I offered fair retail on this one (75.00) and was turned down!!!  why?  

https://rover.ebay.com/rover/1/711-...0001&campid=5335809022&icep_item=383959699237


----------



## BFGforme (Feb 17, 2021)

It's a beaut all right, I offered$80, just to make them feel better and it is in long beach.....has nice original reflector pedals, not original to it, but original to something! Some people's kid's....


----------



## John G04 (Feb 17, 2021)

For 2,800 I could get 4-5 actual nice originals of the same model


----------



## barneyguey (Feb 17, 2021)

This is what I sent.




Hello, how are you? I thought I'd let you know your bike is far from original. It's been repainted and Schwinn didn't have reflectors in the pedals in 1952. The rack, pedals, handlebars, goose neck, grips, basket and seat are after market, not Schwinn.​


----------



## BFGforme (Feb 17, 2021)

John G04 said:


> For 2,800 I could get 4-5 actual nice originals of the same model



You mean could get 28 nice original like it for$2800


----------



## Frank and Pam Skid Kings (Feb 17, 2021)

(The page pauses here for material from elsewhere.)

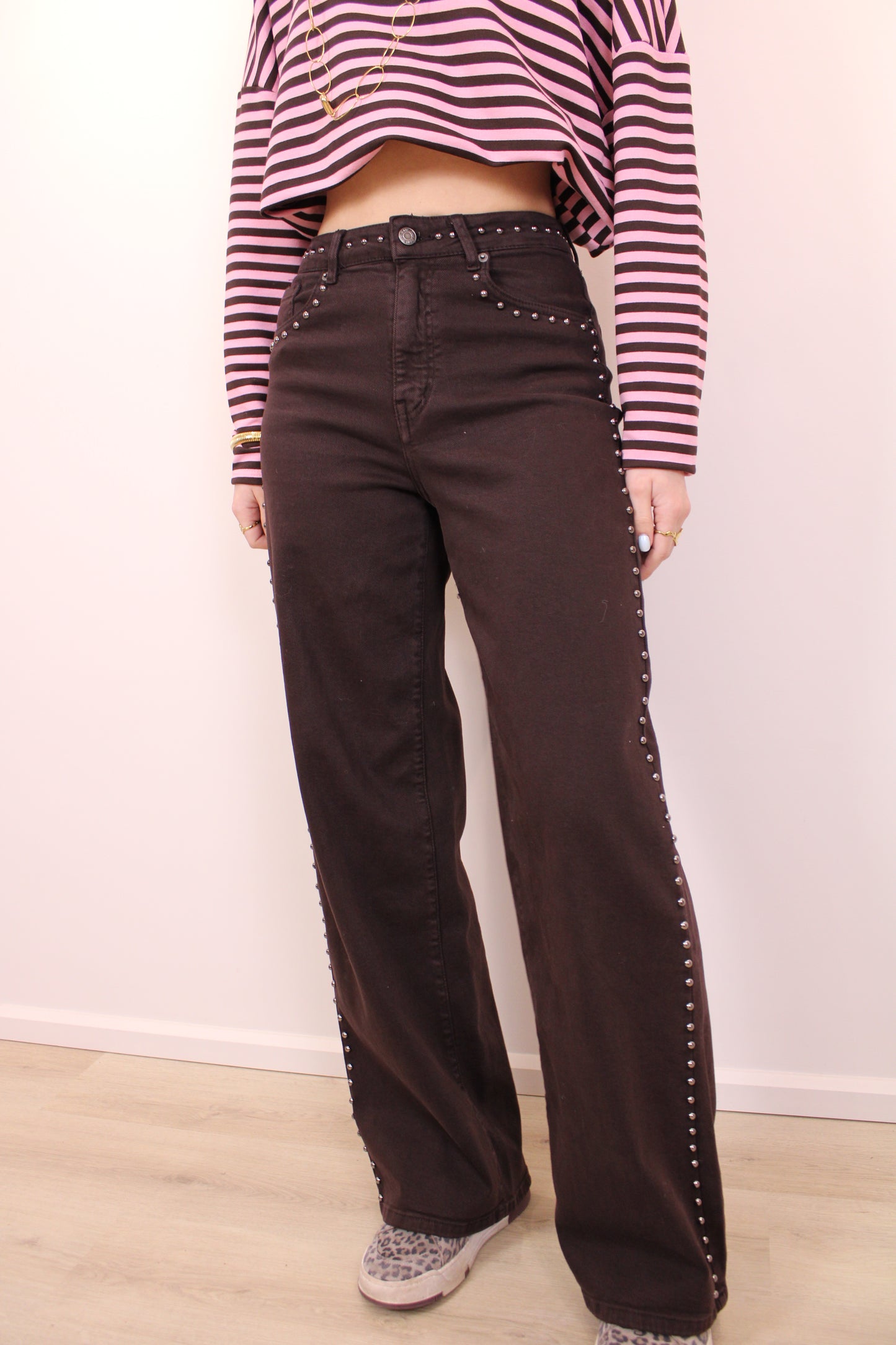 Mid waist - straight leg stretch jeans met studs - bruin - At Styles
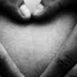 manos en forma de corazon en la barriga de una mujer embarazada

and you guys are all being gracious !


----------



## Freqman1 (Feb 17, 2021)

Ya gotta wonder how they come up with their selling price. With all the resources of the web there is simply no excuse unless you're just a moron. V/r Shawn


----------



## bobcycles (Feb 17, 2021)

Freqman1 said:


> Ya gotta wonder how they come up with their selling price. With all the resources of the web there is simply no excuse unless you're just a moron. V/r Shawn



 or worse.... a gouger / scammer


----------



## 1motime (Feb 18, 2021)

Newbie E-bayer.  0 feedback.  Look at the other 2 items for sale.   House furnishings in the mirror.  Basket on the bike added because the seller liked it.
Sort of feminine.  Maybe a woman who was told that her bike was Super Expensive because it had a Schwinn badge and people commented when it was being ridden.  Maybe not what replies to offer might suggest


----------



## olevince (Feb 20, 2021)

I contacted the seller and told them the bike was not all original. I added that a realistic price is $100-$125 on the high end. They told me that a bike store offered $5000 years ago, thus the high starting price.


----------